Reproduce exactly the lines of this material that begin at the line with "Hi everyone. Hello." and end at the line with "Hello YouTube, it's", both included. Omit the pictures and everything else.
Extracted entries section start
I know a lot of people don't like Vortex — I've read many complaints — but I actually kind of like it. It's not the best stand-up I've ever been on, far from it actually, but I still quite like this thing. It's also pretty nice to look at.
Extracted entries section end
Extracted entries section start
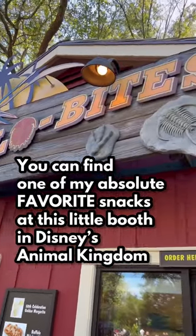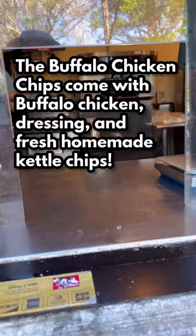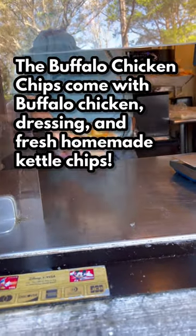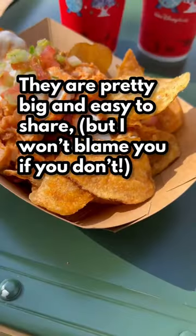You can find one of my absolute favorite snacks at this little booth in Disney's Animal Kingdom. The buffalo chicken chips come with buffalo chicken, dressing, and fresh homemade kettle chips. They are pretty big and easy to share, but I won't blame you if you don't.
Extracted entries section end
Extracted entries section start
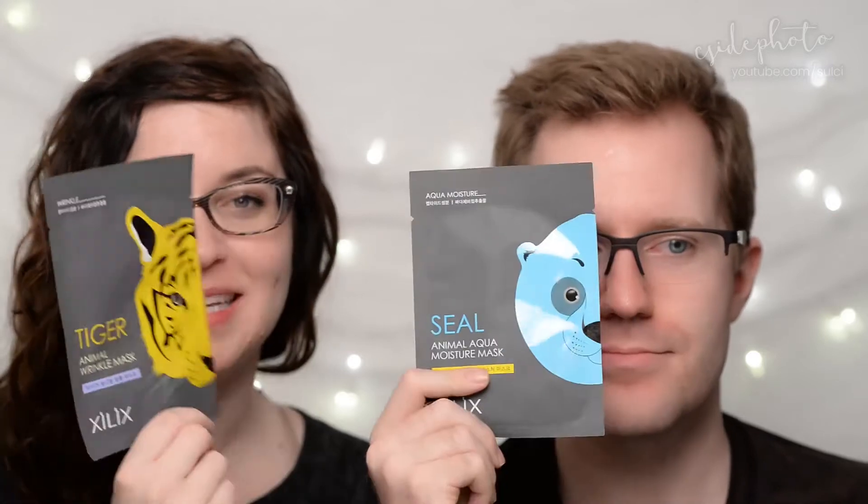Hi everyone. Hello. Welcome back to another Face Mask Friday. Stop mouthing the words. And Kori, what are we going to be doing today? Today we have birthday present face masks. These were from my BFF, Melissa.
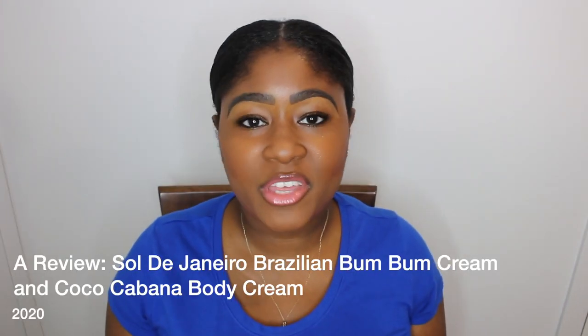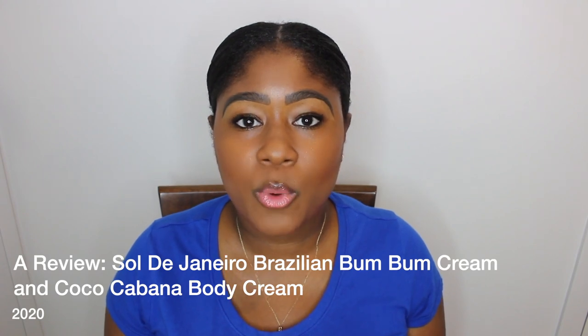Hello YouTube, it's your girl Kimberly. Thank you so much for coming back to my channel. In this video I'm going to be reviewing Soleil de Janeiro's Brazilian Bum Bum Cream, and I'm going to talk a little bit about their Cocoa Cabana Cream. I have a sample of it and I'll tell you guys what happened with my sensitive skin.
Extracted entries section end
■ Reply to the task
Hi everyone. Hello. Welcome back to another Face Mask Friday. Stop mouthing the words. And Kori, what are we going to be doing today? Today we have birthday present face masks. These were from my BFF, Melissa.
Hello YouTube, it's your girl Kimberly. Thank you so much for coming back to my channel. In this video I'm going to be reviewing Soleil de Janeiro's Brazilian Bum Bum Cream, and I'm going to talk a little bit about their Cocoa Cabana Cream. I have a sample of it and I'll tell you guys what happened with my sensitive skin.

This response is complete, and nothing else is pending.